DISTRICT COURT OF QUEENSLAND

CITATION:

Williams v Turner and Turner [2010] QDC 39

PARTIES:

Colin John Williams and Gail Christyine Williams as administrators of the estate of John Lefric Williams

(defendant/applicant)

V

Noel Henry Turner And Helen Cynthia Turner
(plaintiffs/respondents)

FILE NO/S:

11/1992 and D24/2009

DIVISION:

Civil jurisdiction

PROCEEDING:

Application

ORIGINATING COURT:

District Court at Gympie

DELIVERED EXTEMPORE ON:

17 February 2010

DELIVERED AT:

District Court at Gympie

HEARING DATE:

17 February 2010

JUDGE:

J.M. Robertson DCJ

ORDER:

The application in the Court file D24/09 be consolidated as an application pending in the file Plaint number 11 of 1992.

Proceedings instituted by Plaint number 11 of 1992, are dismissed.

Plaintiffs pay the defendant's costs of and incidental to the action and the application to be assessed on the standard basis or as agreed.

CATCHWORDS:

PROCEDURE – application to strike out for want of prosecution; where action commenced in 1992 and no steps taken since completion of discovery in that year; where plaintiff provided no good reason for long delay; where original defendant had deceased and his administrators substituted as defendant;

CONTRACT – where contract between the deceased and the plaintiffs was subject to certain conditions; where contract rendered void by operation of law; where plaintiffs therefore had little prospects of success on claim for specific performance

Land Sales Act 1984 (Qld)

Supreme Court of Queensland Act 1991 (Qld)

Althaus v Australian Meat Holdings Proprietary Limited [2009] QSC 5

Quinlan v Rothwell [2001] QCA 176

re Rosemac Pty Ltd's Caveat [1994] 1 QSC 137

Tyler v Custom Credit Corporation Limited and others [2000] QCA 178

Williams v Turner [2008] QSC 327

COUNSEL:

R. Morgan for the defendant/applicant
N. Turner and H. Turner in person

SOLICITORS:

Jeffery Cuddihy & Joyce Solicitors for the defendant

  1. [1]
    HIS HONOUR: On the 2nd of November 2009, the defendants filed an application in which they sought to be substituted as defendants in an action commenced by the plaintiffs, Mr and Mrs Turner in the District Court Gympie, in 1992.
  1. [2]
    The defendants are the administrators of the estate of the original defendant, Mr John Lefric Williams, who died on the 7th of August 2003. The application also sought orders that the claim be struck out for want of prosecution.
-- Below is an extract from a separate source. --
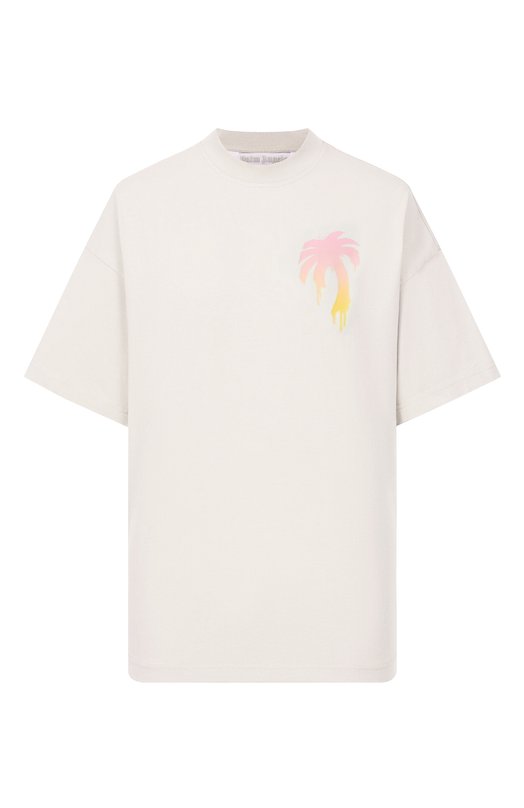 Хлопковая футболка Palm Angels PWAA07BS26JER004 Кремовый PWAA07BS26JER004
The original claim was for specific performance and/or damages in relation to a contract between the deceased and Mr and Mrs Turner, dated the 14th of July 1989.
  1. [3]
    The application came on for hearing before his Honour Judge Tutt in this Court on the 1st of December 2009, and his Honour made an order substituting the defendants as defendant in the original claim and adjourned the strike out application until this sittings. Mr and Mrs Turner were self-represented before his Honour and still are.
  1. [4]
    His Honour also made certain directions. In a technical sense, the plaintiffs have complied with those directions, but the material filed does not really address the issues raised in the strike out application.
  1. [5]
    The application, which is described in the Court file, D24/09 as an originating application, is in fact an application pending in the original proceedings and should be consolidated with the file Plaint number 11 of 1992 and, if it's necessary, I so order.
  1. [6]
    Mr Williams (the deceased) as vendor, by a contract in writing dated the 14th of July 1989, agreed to sell to Mr and Mrs Turner, as purchasers, part of a Miner's Homestead Lease, MHL2563 at Gympie, subject to certain conditions.
  1. [7]
    At the time, subdivision of the Miner's Homestead Lease 2563 had not been approved. There were three special conditions in the agreement, numbered 27, 28 and 30. They provided as follows:

“27. This contract is subject to and conditional upon the granting under section 19 of the Land Sales Act of 1984 - 1985, of an exemption from the provisions of sections 8 and 9 of the said Act, prior to the date of completion of this contract.  The vendor agrees to make immediate application to the Minister for Justice and Attorney-General within 30 days from the date hereof, of such exemption.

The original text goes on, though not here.